What is being asked -> For this exercise, write out only the lines of the entries below from the one with "MGQILING iPhone 15" up to and including the one with "Zapatos de salón", exactly as they are. Pictures stay out.

The records ->
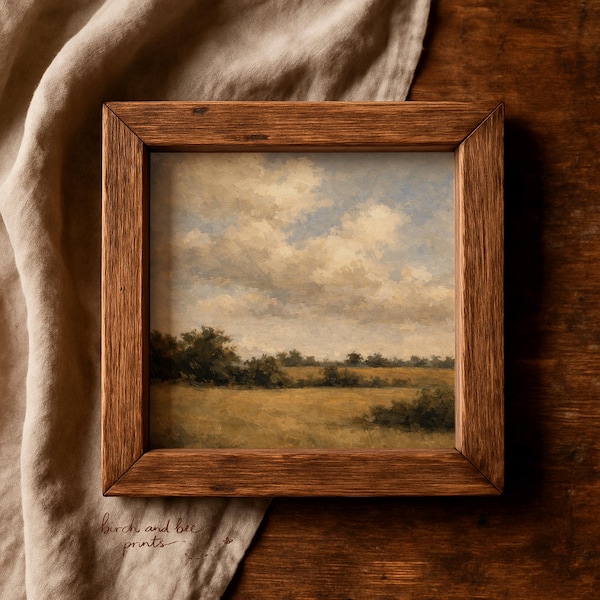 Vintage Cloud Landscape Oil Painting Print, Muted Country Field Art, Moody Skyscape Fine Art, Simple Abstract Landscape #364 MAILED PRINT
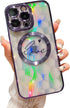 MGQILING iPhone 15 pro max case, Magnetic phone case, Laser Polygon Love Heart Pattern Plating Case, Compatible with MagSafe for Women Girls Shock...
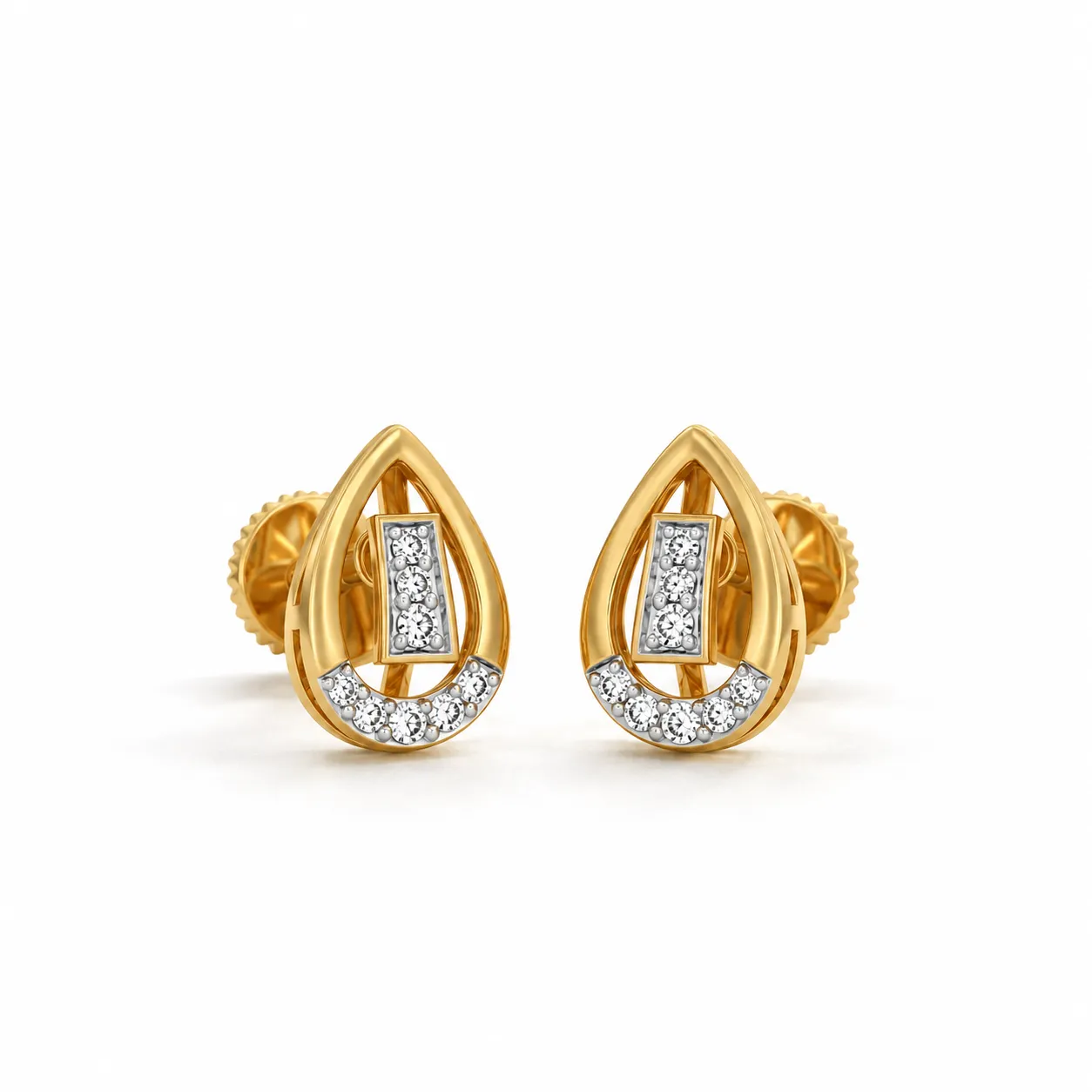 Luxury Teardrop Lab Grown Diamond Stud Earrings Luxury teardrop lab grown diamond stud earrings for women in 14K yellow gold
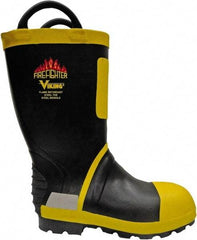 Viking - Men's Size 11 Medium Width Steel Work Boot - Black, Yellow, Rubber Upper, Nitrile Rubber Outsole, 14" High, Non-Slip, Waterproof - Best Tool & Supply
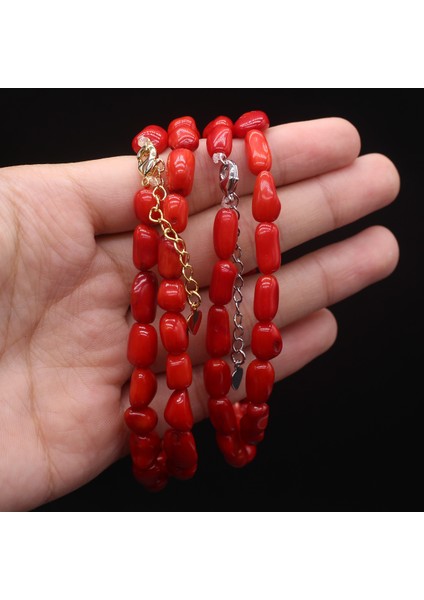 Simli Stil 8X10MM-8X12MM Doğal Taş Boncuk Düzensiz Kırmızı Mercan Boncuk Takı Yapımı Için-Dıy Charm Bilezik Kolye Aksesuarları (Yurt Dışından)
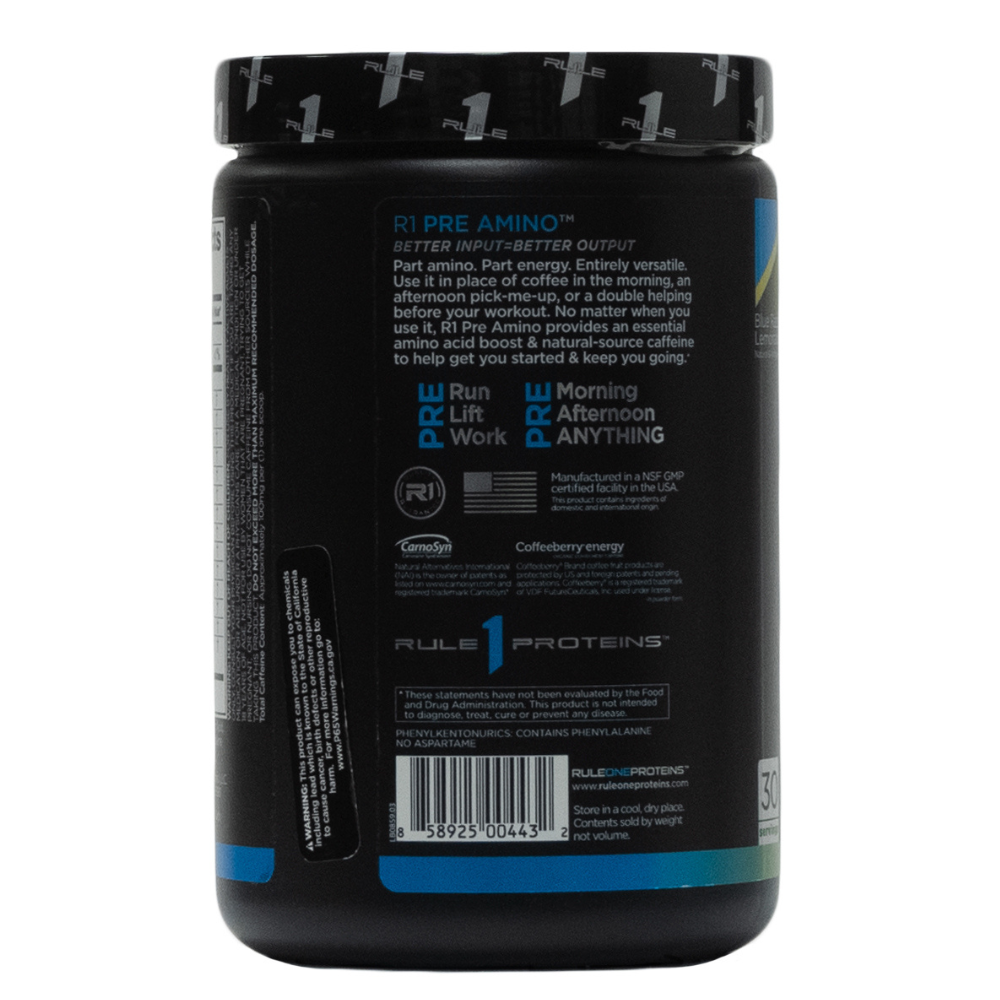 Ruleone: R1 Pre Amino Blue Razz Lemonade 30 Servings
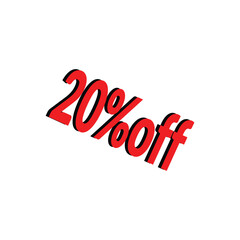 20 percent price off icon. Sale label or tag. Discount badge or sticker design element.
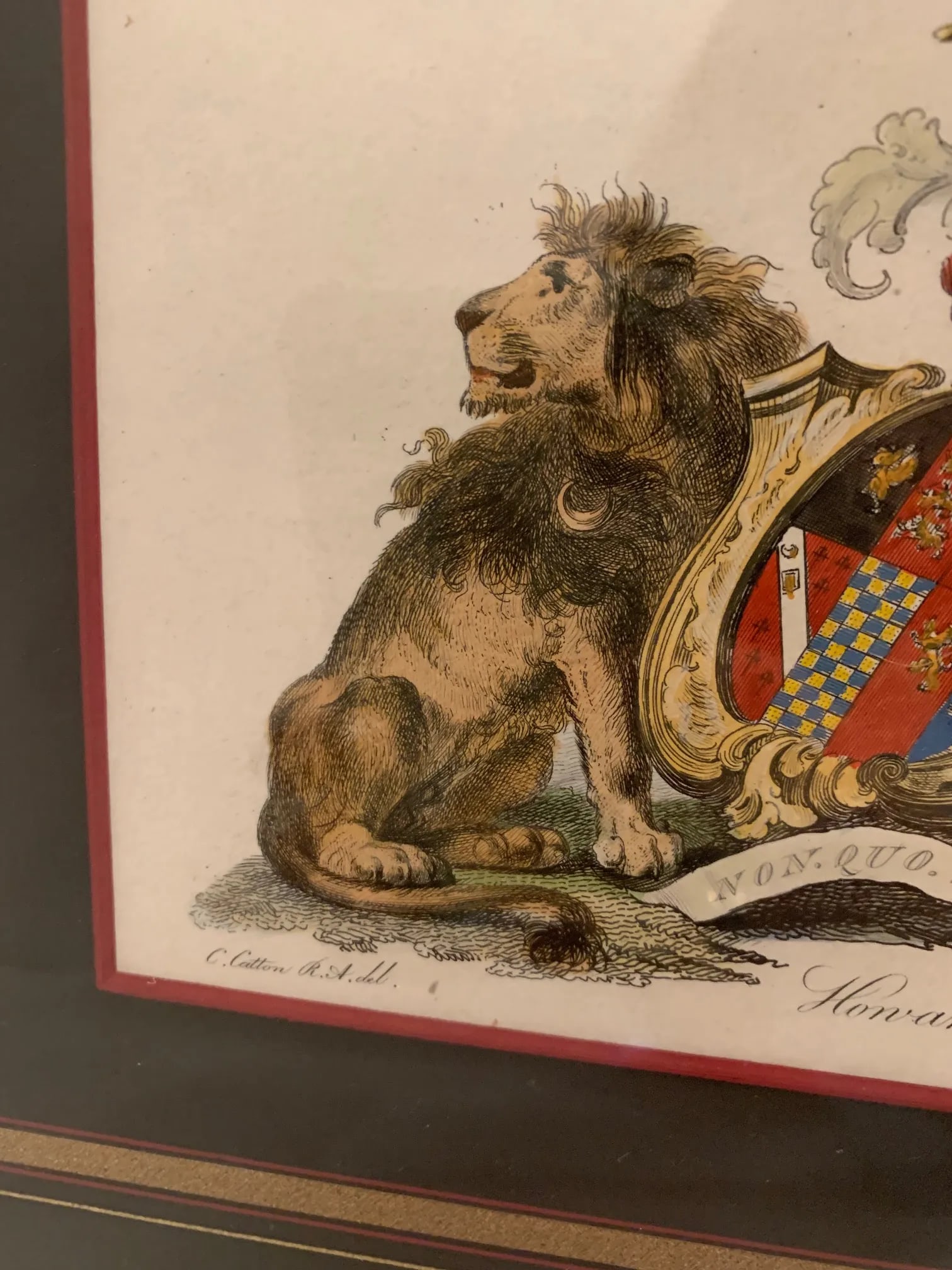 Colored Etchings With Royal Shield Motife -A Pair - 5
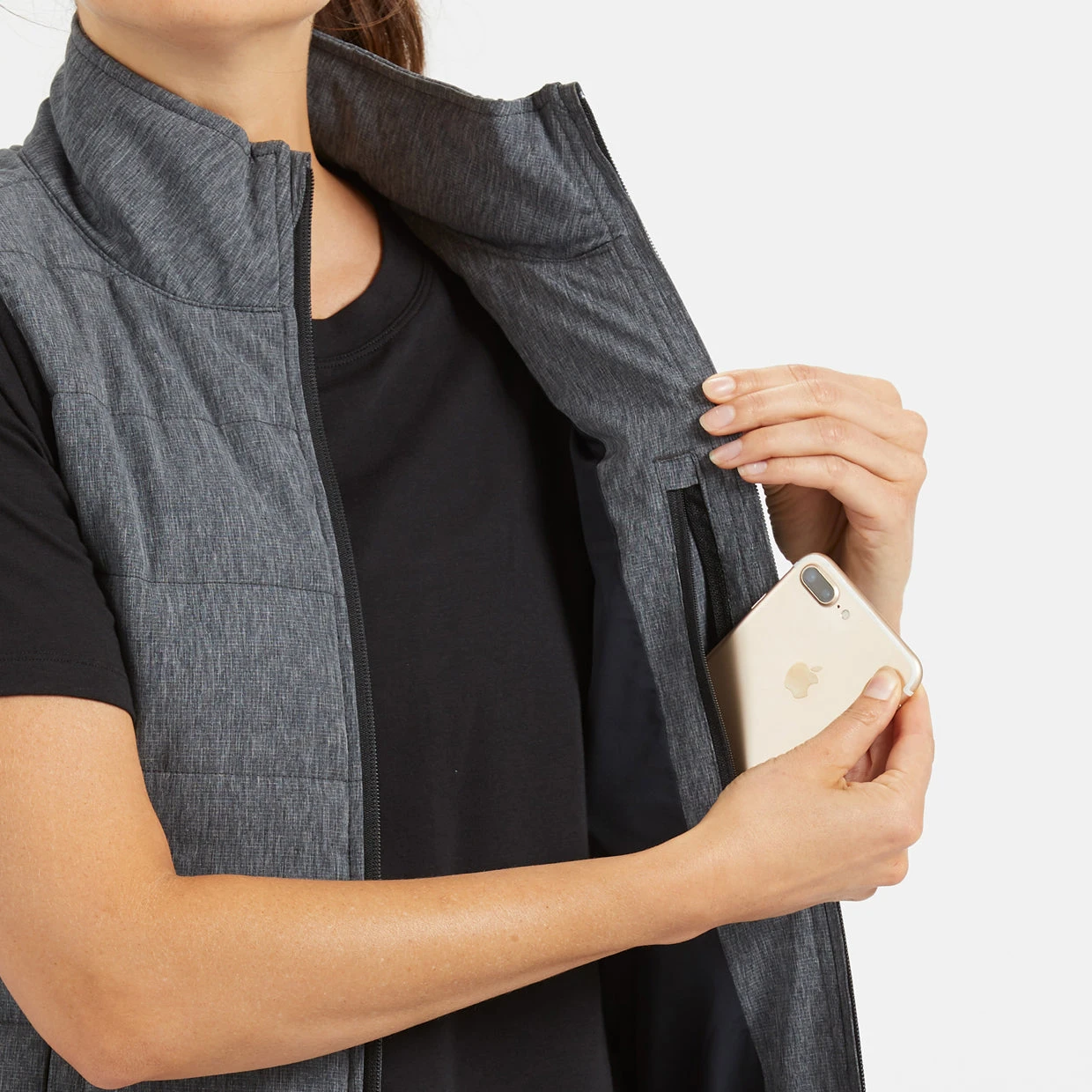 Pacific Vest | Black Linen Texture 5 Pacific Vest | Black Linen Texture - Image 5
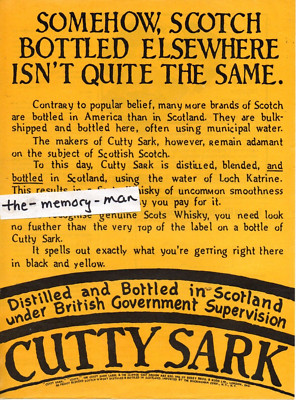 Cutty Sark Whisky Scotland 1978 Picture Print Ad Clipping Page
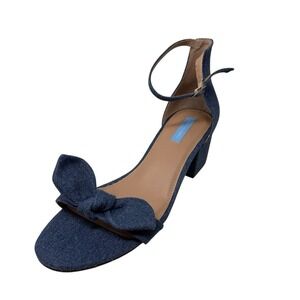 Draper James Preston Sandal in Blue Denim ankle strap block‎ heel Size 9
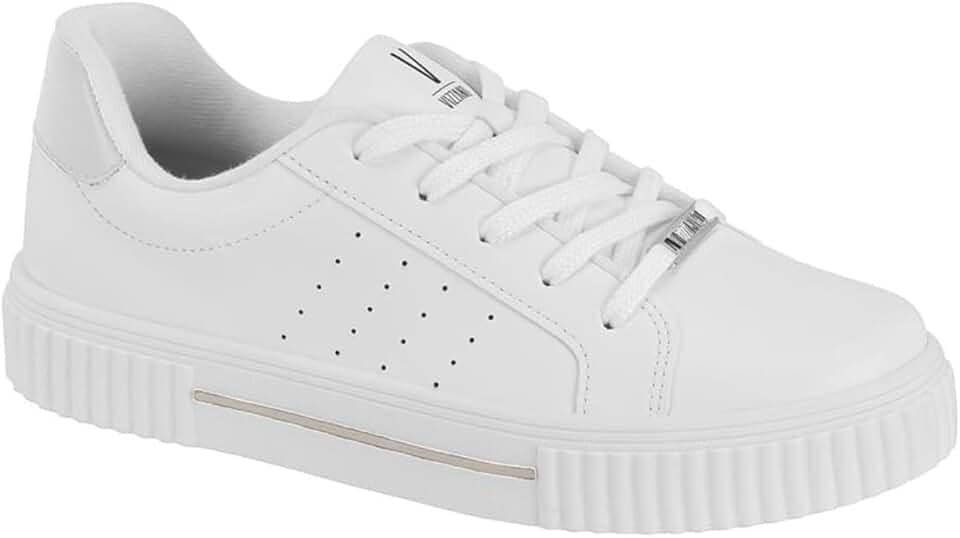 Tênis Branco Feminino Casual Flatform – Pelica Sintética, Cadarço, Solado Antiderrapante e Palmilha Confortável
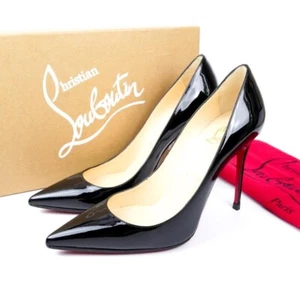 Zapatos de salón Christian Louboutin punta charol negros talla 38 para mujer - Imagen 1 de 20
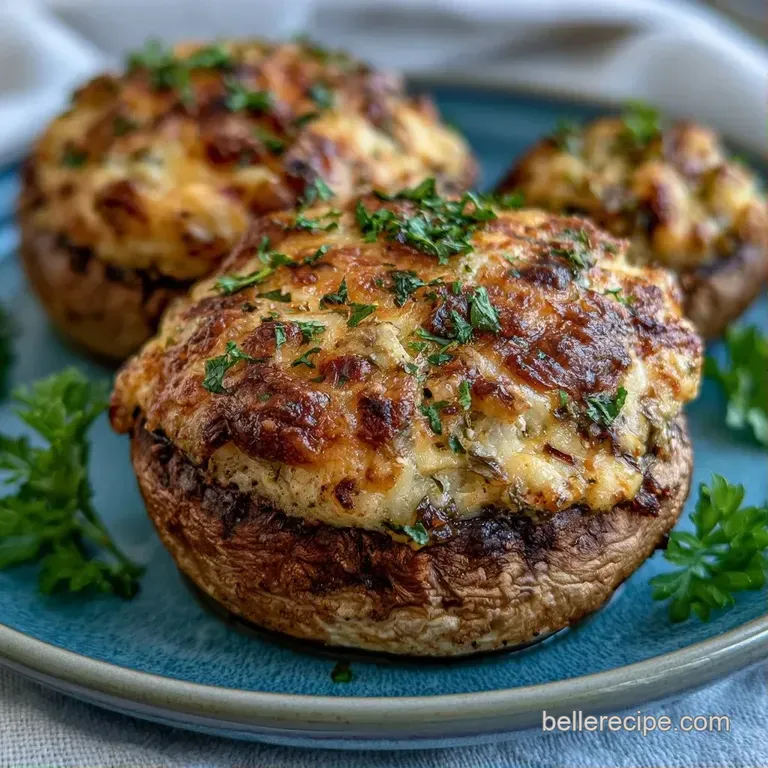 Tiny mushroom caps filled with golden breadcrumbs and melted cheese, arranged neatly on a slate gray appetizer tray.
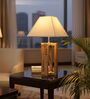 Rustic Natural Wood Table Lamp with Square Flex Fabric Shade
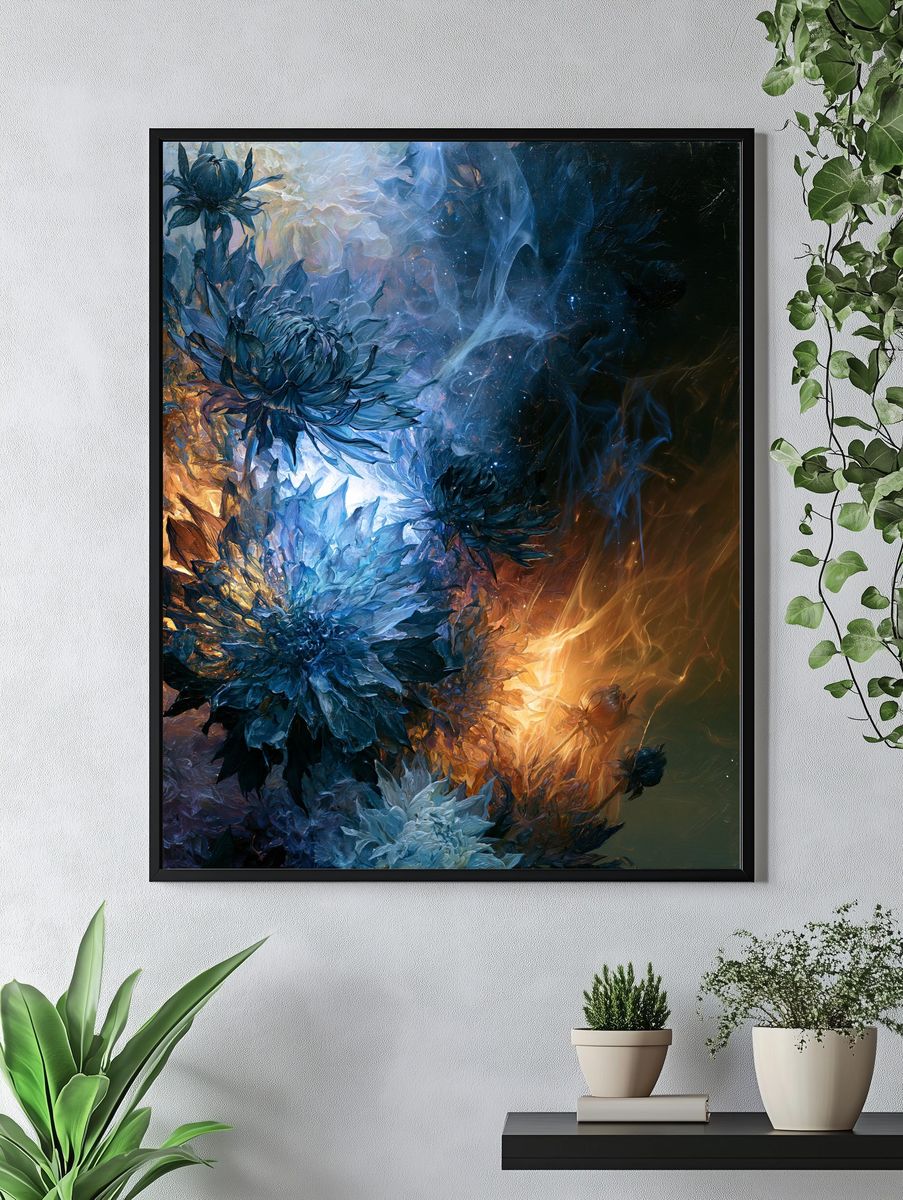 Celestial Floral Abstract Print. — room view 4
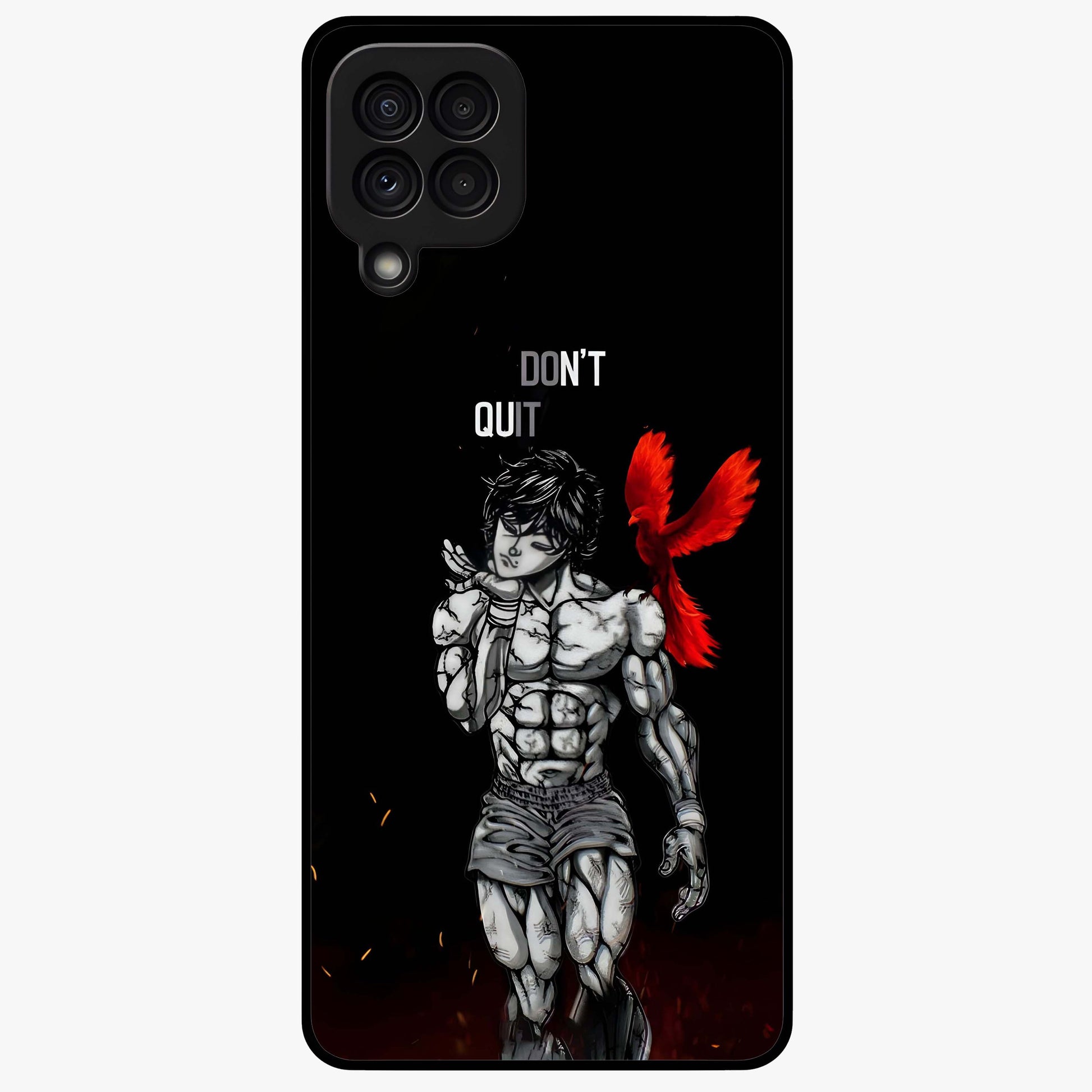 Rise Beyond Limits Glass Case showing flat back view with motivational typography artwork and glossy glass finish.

Result of this exercise ->
 MGQILING iPhone 15 pro max case, Magnetic phone case, Laser Polygon Love Heart Pattern Plating Case, Compatible with MagSafe for Women Girls Shock...
 Luxury Teardrop Lab Grown Diamond Stud Earrings Luxury teardrop lab grown diamond stud earrings for women in 14K yellow gold
 Viking - Men's Size 11 Medium Width Steel Work Boot - Black, Yellow, Rubber Upper, Nitrile Rubber Outsole, 14" High, Non-Slip, Waterproof - Best Tool & Supply
 Simli Stil 8X10MM-8X12MM Doğal Taş Boncuk Düzensiz Kırmızı Mercan Boncuk Takı Yapımı Için-Dıy Charm Bilezik Kolye Aksesuarları (Yurt Dışından)
 Ruleone: R1 Pre Amino Blue Razz Lemonade 30 Servings
 20 percent price off icon. Sale label or tag. Discount badge or sticker design element.
 Colored Etchings With Royal Shield Motife -A Pair - 5
 Pacific Vest | Black Linen Texture 5 Pacific Vest | Black Linen Texture - Image 5
 Cutty Sark Whisky Scotland 1978 Picture Print Ad Clipping Page
 Draper James Preston Sandal in Blue Denim ankle strap block‎ heel Size 9
 Tênis Branco Feminino Casual Flatform – Pelica Sintética, Cadarço, Solado Antiderrapante e Palmilha Confortável
 Zapatos de salón Christian Louboutin punta charol negros talla 38 para mujer - Imagen 1 de 20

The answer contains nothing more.